What to do
Print only the lines below from the one with "Used BMW 3 Series" to the one with "Pista de Comboio", both included, exactly as they stand. Leave pictures out.

Data for this exercise
= = = = =

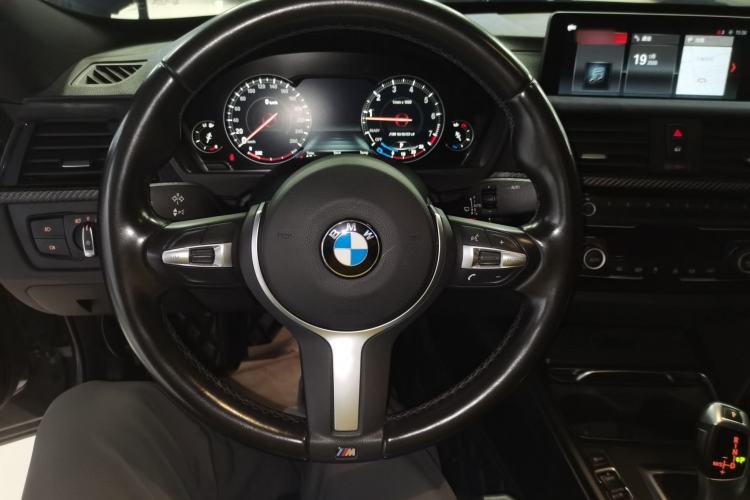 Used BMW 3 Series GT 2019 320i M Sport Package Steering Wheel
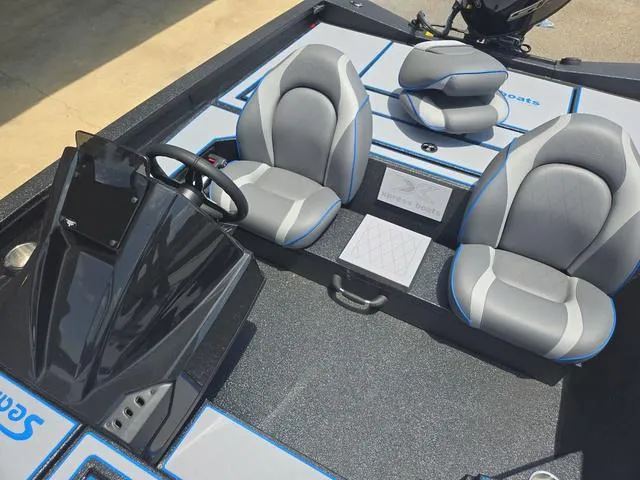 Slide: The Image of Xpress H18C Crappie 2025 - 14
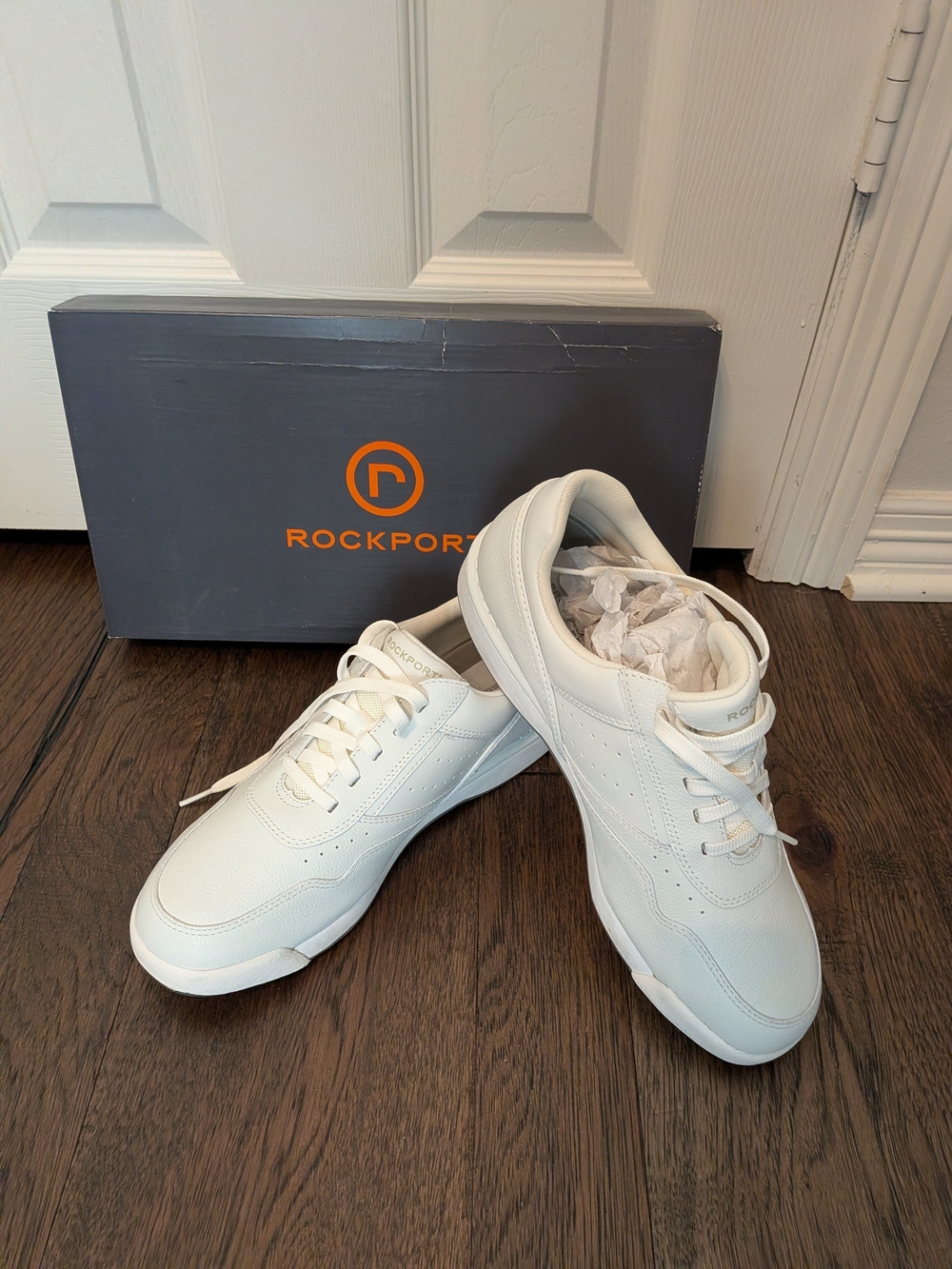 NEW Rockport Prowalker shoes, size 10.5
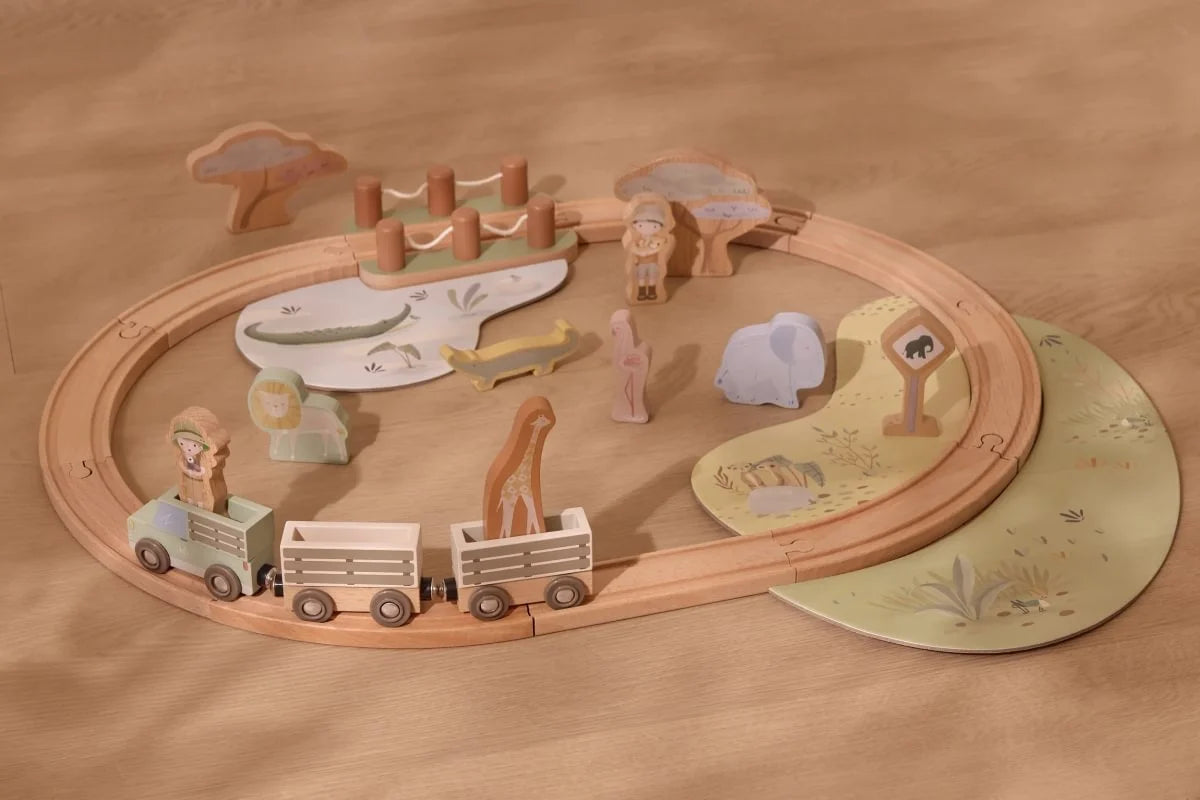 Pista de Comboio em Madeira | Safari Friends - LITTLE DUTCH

= = = = =

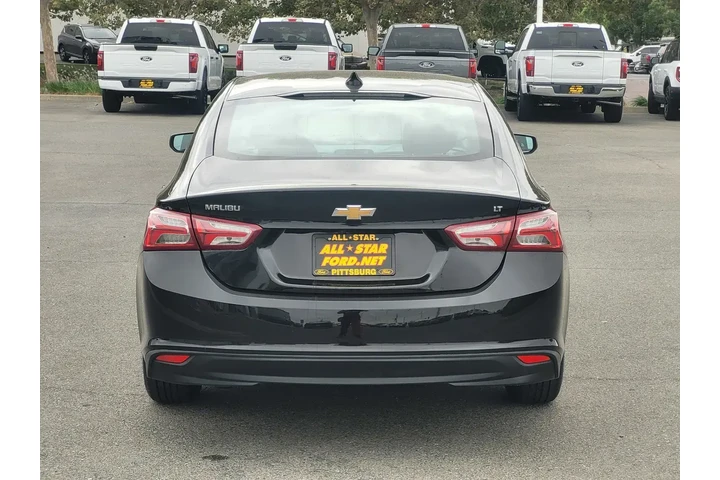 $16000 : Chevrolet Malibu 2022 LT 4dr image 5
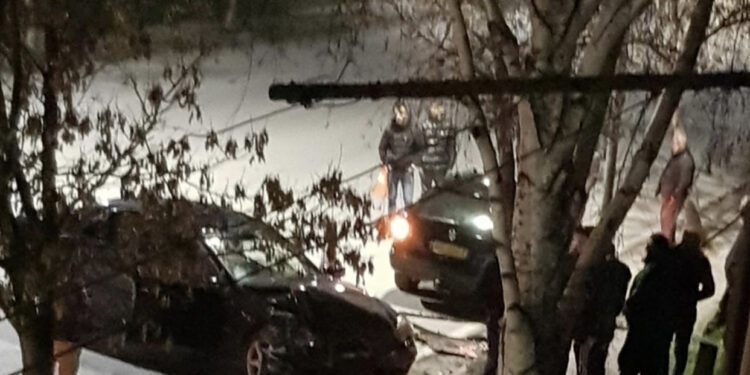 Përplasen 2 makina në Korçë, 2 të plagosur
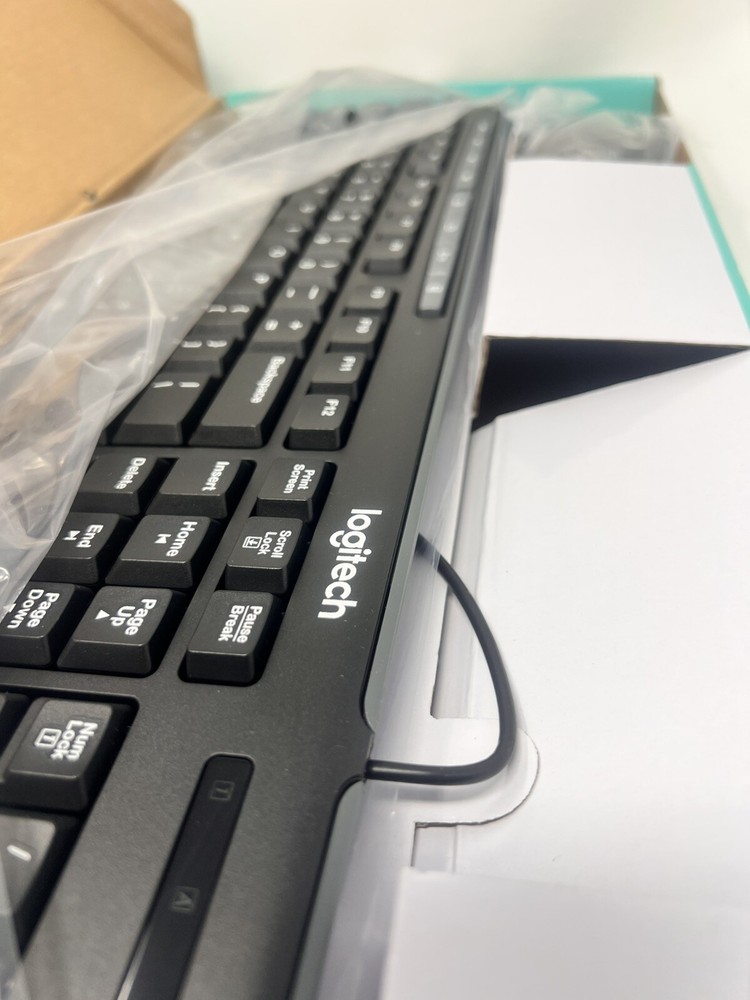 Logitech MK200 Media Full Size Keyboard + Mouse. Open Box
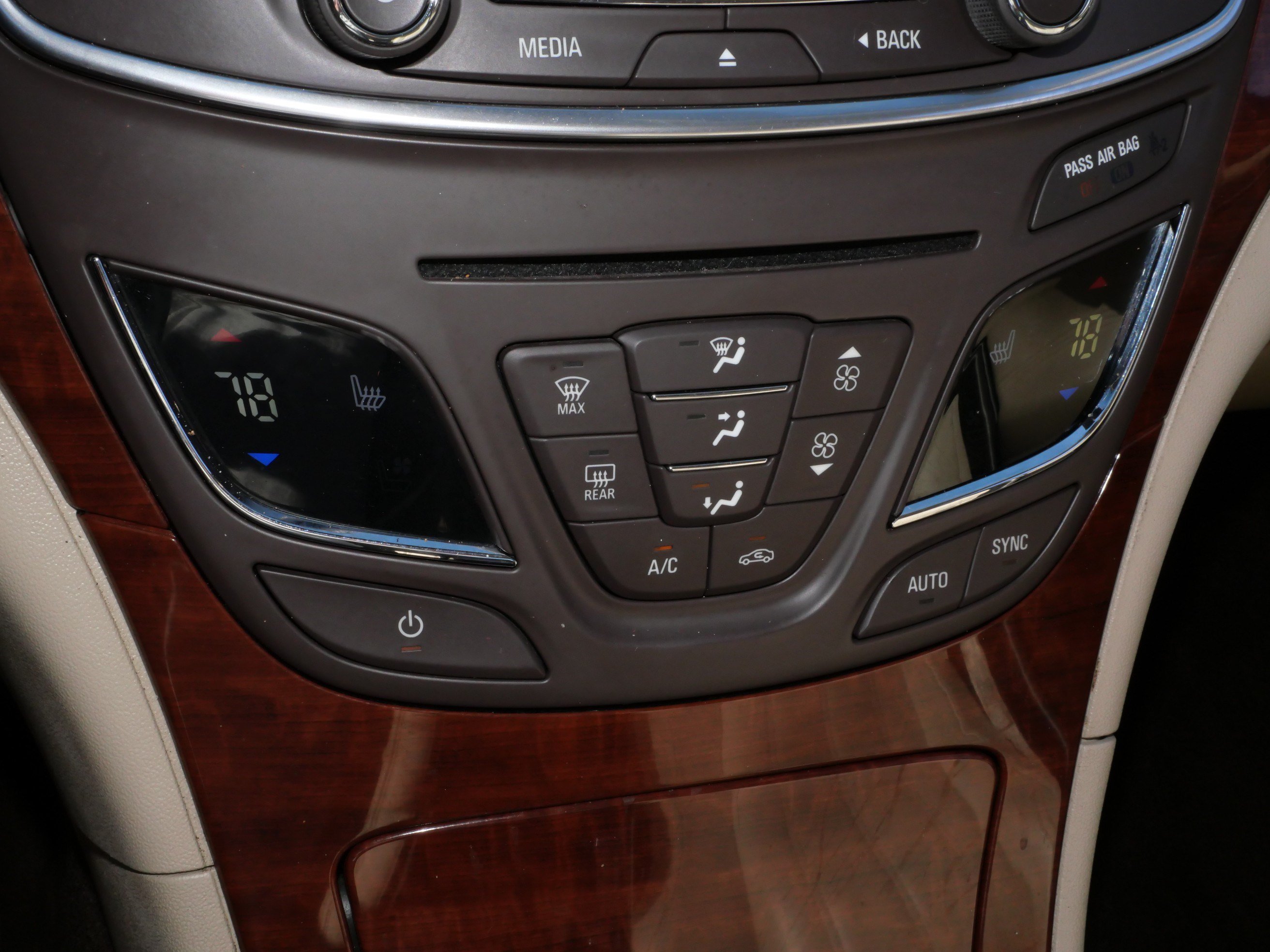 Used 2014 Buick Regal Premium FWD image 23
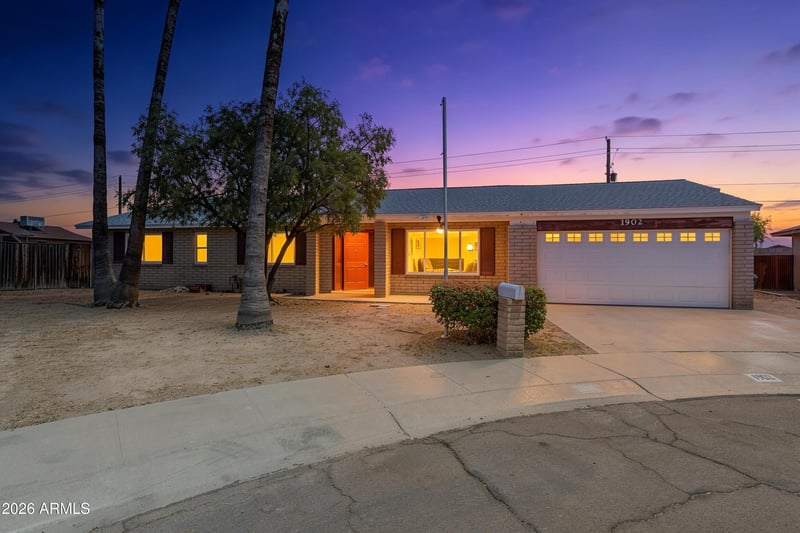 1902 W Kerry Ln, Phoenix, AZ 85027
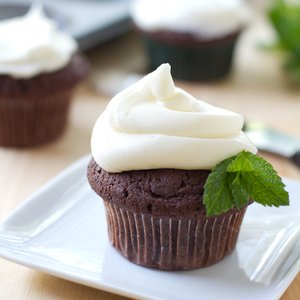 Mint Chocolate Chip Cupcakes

= = = = =

Result
 Used BMW 3 Series GT 2019 320i M Sport Package Steering Wheel
 Slide: The Image of Xpress H18C Crappie 2025 - 14
 NEW Rockport Prowalker shoes, size 10.5
 Pista de Comboio em Madeira | Safari Friends - LITTLE DUTCH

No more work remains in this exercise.